SSEC VisPy project awarded Chan Zuckerberg Initiative grant

May 27, 2020 | Eric Verbeten

A University of Wisconsin–Madison Space Science and Engineering Center project aimed at growing a Python programming community was selected for funding in May 2020 by the Chan Zuckerberg Initiative. The one-year grant seeks to build and expand the framework around VisPy (short for Visual Python), a powerful, community-driven programming library used to visualize data.

SSEC scientific programmer David Hoese. Credit: David Hoese

“VisPy is useful to the scientific community and provides ways to do fast visualizations,” says David Hoese, SSEC scientific programmer and principal investigator of the project. “Compared to other visualization techniques that rely on the central processing unit, VisPy uses the graphics processing unit and allows it to produce visualizations based on large data sets.”

VisPy is an open source, Python library that grew organically from the collaboration between other Python projects including visvis, galry, glumpy and pyqtgraph. According to Hoese, when VisPy was launched in 2013 it quickly attracted an active community of developers and users. However, after several years of heavy development the maintainers of the VisPy project were no longer able to keep pace with, and direct, the library’s growth. Currently, VisPy has a community of several thousand users, with tens of thousands of downloads since it was first released.

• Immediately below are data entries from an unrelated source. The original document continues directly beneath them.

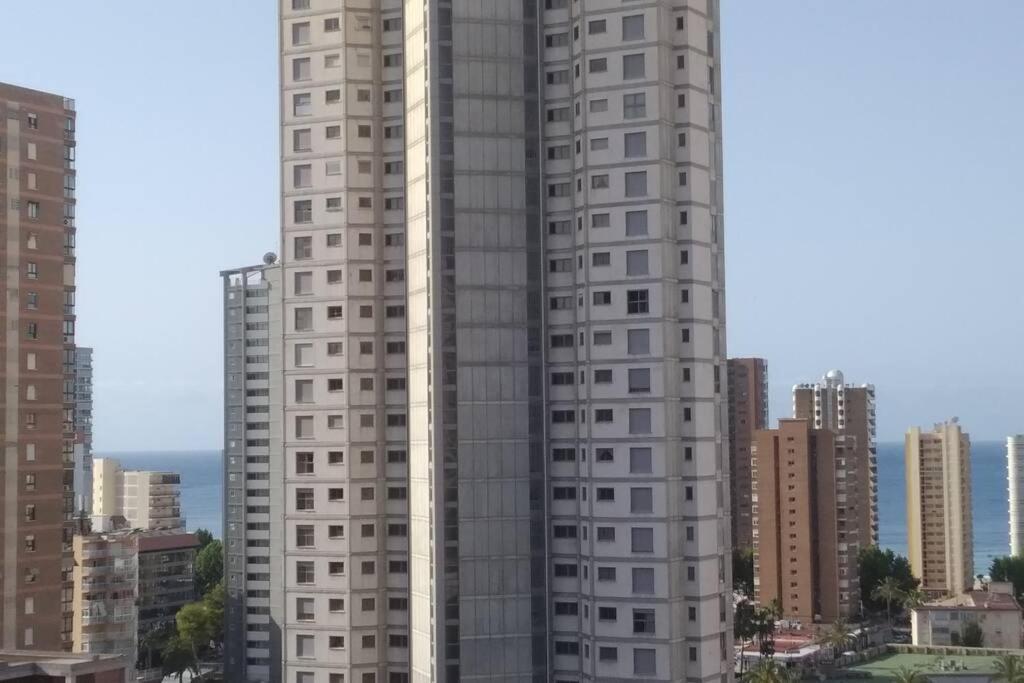 Appartement vue sur mer Avenue de l'Europe Benidorm Extérieur photo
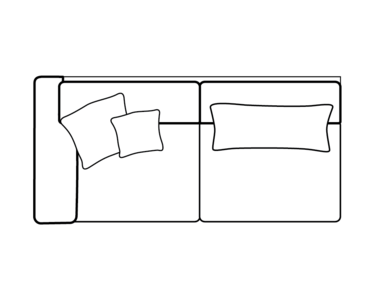 2 Seater 1 Arm Left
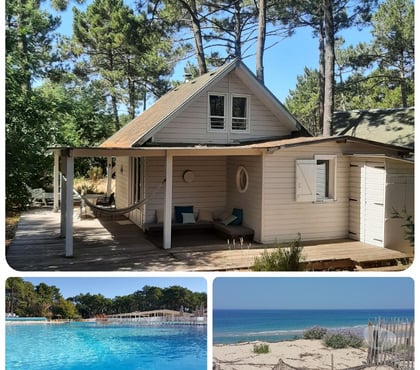 location saisonniere Le Porge Gironde - Photos Vivastreet La Jenny Cabane de charme, forêt et océan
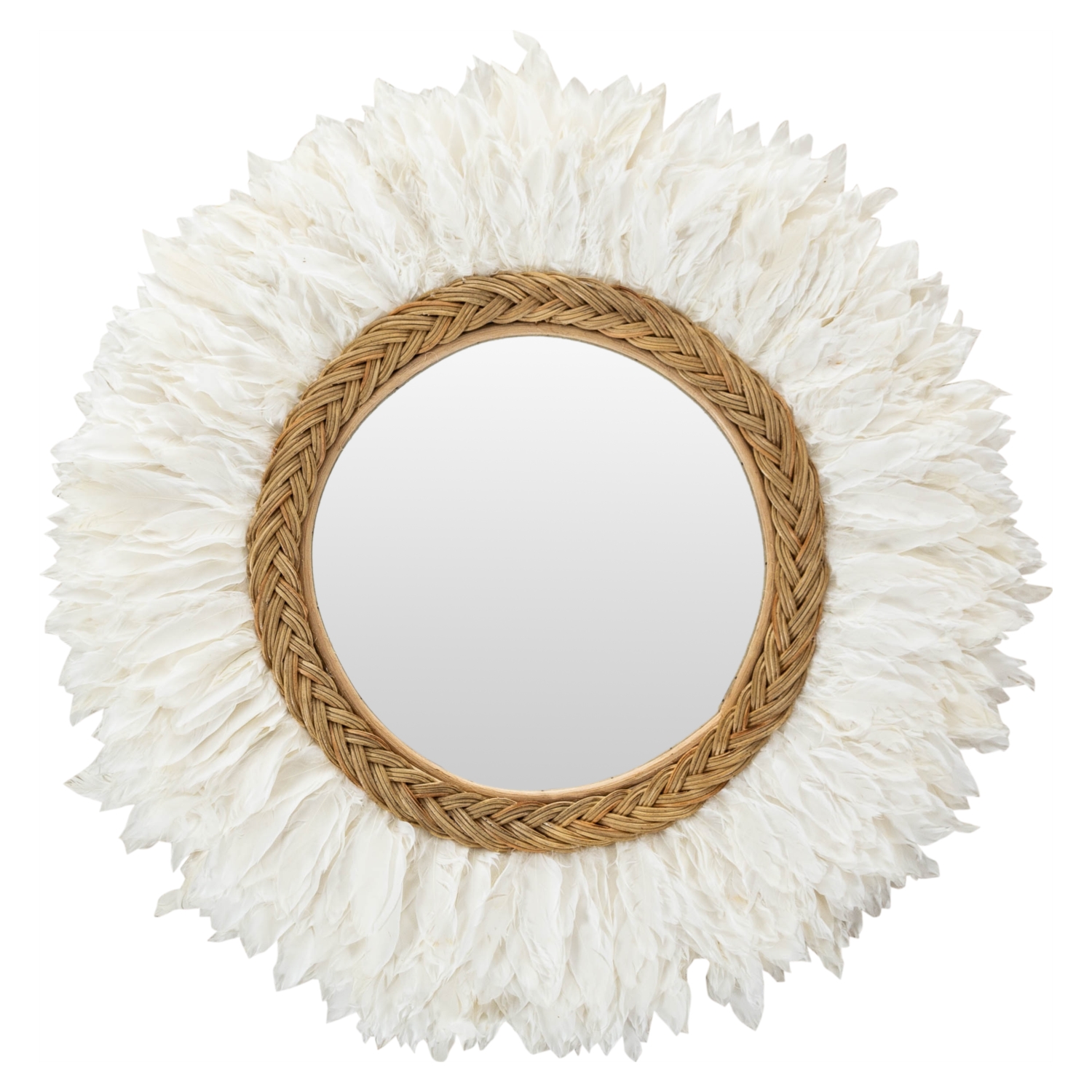 PALU AYNA BEYAZ 70X70X4 CM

VisPy is a powerful, community-driven programming library used to visualize data, including imagery created from satellite data. Credit: David Hoese

Hoese’s VisPy project aims to address this problem by creating a framework and code of conduct for the community that is designed to attract new members. Reducing the barriers to entry by making the robust programming language easy to understand and accessible is crucial, says Hoese, while at the same time, setting community standards. Other goals include creating contributor guides, governance documents, training videos and presenting at the 2021 SciPy Conference.

“With this project we aim to bring many more users to the community and cultivate more contributors to continue the development and improvement of this useful tool,” says Hoese.

This work is supported by the Chan Zuckerberg Initiative.